INTRODUCING CHUCK PAINE’S INVENTION- THE PAINE DVT!
The PAINE DVT (stands for Dang Vang Thangs) are a series of fiberglass battens extending all the way from the leech to the foot of a jib. They have the following characteristics:
1. They are parallel to the luff of the jib, thereby permitting it to be roller- furled and reefed. These battens reduce the “bagging” that so irritatingly occurs when a jib is roller-reefed.
2. They extend from the leech to the foot of the sail, thereby preventing the foot of the sail rising up as the jib sheet is paid out.

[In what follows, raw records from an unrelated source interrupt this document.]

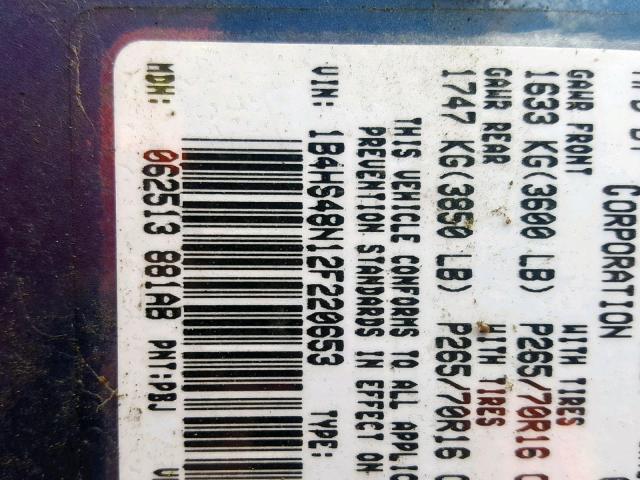 1B4HS48N12F220653 - 2002 DODGE DURANGO SL BLUE photo 10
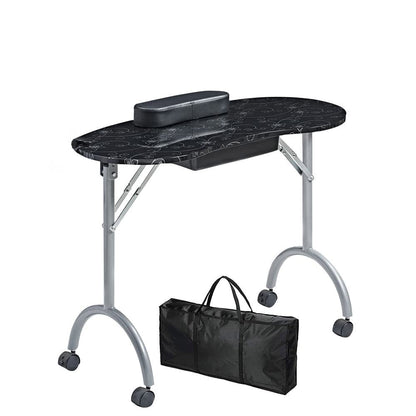 Modern Minimalist Oval Stainless Steel MDF Nail Desk 1-Drawer For Bedroom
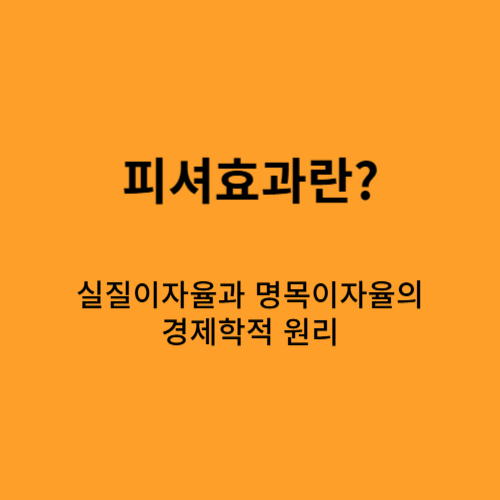 피셔 효과란? 실질이자율과 명목이자율의 경제학적 원리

3. They are both cheap to install and effective. They cost perhaps one- twentieth the price of other more clumsy means of preventing the jib-boom from rising, are visually unobtrusive, and do not present a bulky and sometimes dangerous impediment to the use of the foredeck as is the case with other systems.

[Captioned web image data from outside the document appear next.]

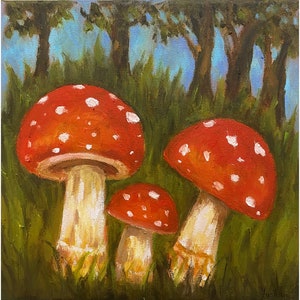 Original Oil Painting &quot; Red Mushrooms &quot; Still Life 8x8 inches. Collectible/Fine Art/Original Painting/Hand Painted/Home Decor/Wall Art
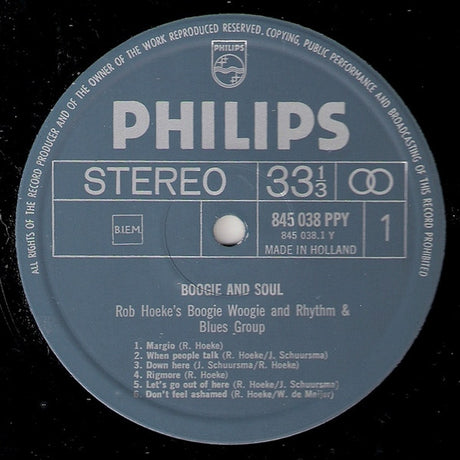 Rob Hoeke or Rob Hoeke's Boogie Woogie And R&B Group - Boogie & Soul (tweedehands LP) - Velvet Music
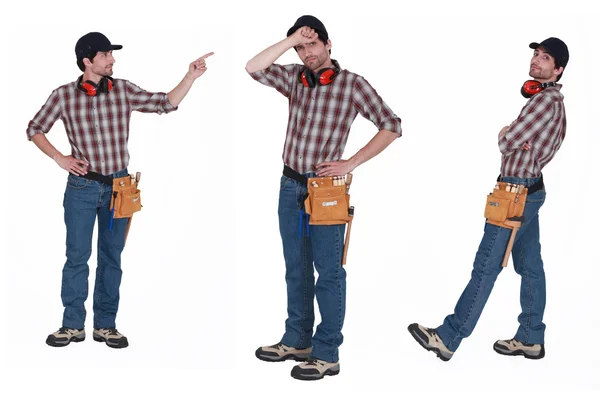 Handyman with ear muffs — Stock Photo, Image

- Note that when sailing wing and wing, the entire jib remains more or less perpendicular to the wind. A conventional jib would be overtrimmed and stalled at the bottom, while the top would be out too far and ineffective.
French and Webb Boatbuilders of Belfast, Maine and York Marine of Rockland, Maine are the first licensed users of the PAINE DVT.
- The York 18 features the newly invented PAINE DVT jib vanging devices and a roller-furling and reefable jib.